Then again, you might have more knowledge and experience about the law and law firms than he does -- just as you apparently know more about Roberts than the President. Perhaps I just don't know who you are -- after all, you could be someone of immense gravitas in Washington for all I know, and not just a posturing keyboard commando.
>>>>Roberts did nothing that any normal law firm partner would not also do - conservative or otherwise.
Baloney! Not only did Antonin Scalia and Clarence Thomas denounce the final SC decision (see below), Scalia also said he would not have assisted in working to see Colorado Amendment 2 overturned. Many lawyers throughout the country came to the same conclusions that Scalia did.
The case with Romer V Evans is simple. It was a SC decision of historical dimensions. It overruled the will of Colorado voters. While John Roberts involvemnt was limited, he nonetheless was involved in a case that conservatives view as a matter of human morality. Roberts said just today, he didn't see his involvement in Romer v Evans as an immoral act. You agree with Judge Roberts. I agree with Justices Scalia and Thomas.

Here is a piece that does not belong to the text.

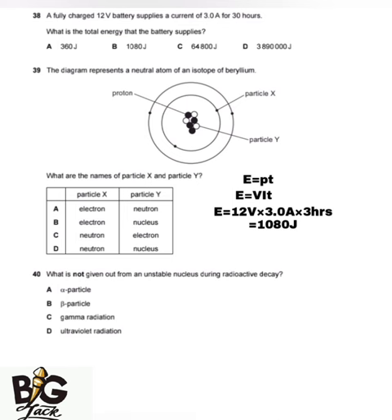The next question asks what is NOT given out from an unstable nucleus during radioactive decay. The three types of radiation are alpha particles, beta particles, and gamma rays. The answer is A — ultraviolet radiation is not emitted.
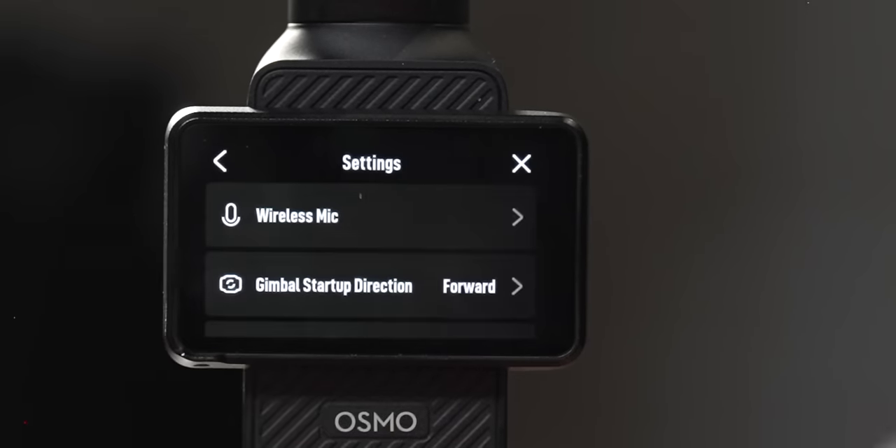In the bottom menu you have general options: device management, SD card storage, format card, change compression, Wi-Fi settings, and about — just the advanced features you might need.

JUSTICE SCALIA, with whom THE CHIEF JUSTICE and JUSTICE THOMAS join, dissenting.
The Court has mistaken a Kulturkampf for a fit of spite. The constitutional amendment before us here is not the manifestation of a "`bare . . . desire to harm'" homosexuals, ante, at 13, but is rather a modest attempt by seemingly tolerant Coloradans to preserve traditional sexual mores against the efforts of a politically powerful minority to revise those mores through use of the laws. That objective, and the means chosen to achieve it, are not only unimpeachable under any constitutional doctrine hitherto pronounced (hence the opinion's heavy reliance upon principles of righteousness rather than judicial holdings); they have been specifically approved by the Congress of the United States and by this Court.
In holding that homosexuality cannot be singled out for disfavorable treatment, the Court contradicts a decision, unchallenged here, pronounced only 10 years ago, see Bowers v. Hardwick, 478 U.S. 186 (1986), and places the prestige of this institution behind the proposition that opposition to homosexuality is as reprehensible as racial or religious bias. Whether it is or not is precisely the cultural debate that gave rise to the Colorado constitutional amendment (and to the preferential laws against which the amendment was directed). Since the Constitution of the United States says nothing about [ ROMER v. EVANS, ___ U.S. ___ (1996) , 2] this subject, it is left to be resolved by normal democratic means, including the democratic adoption of provisions in state constitutions. This Court has no business imposing upon all Americans the resolution favored by the elite class from which the Members of this institution are selected, pronouncing that "animosity" toward homosexuality, ante, at 13, is evil. I vigorously dissent.
The rest of your diatribe is nothing more then the rants of a juvenile and are duly noted.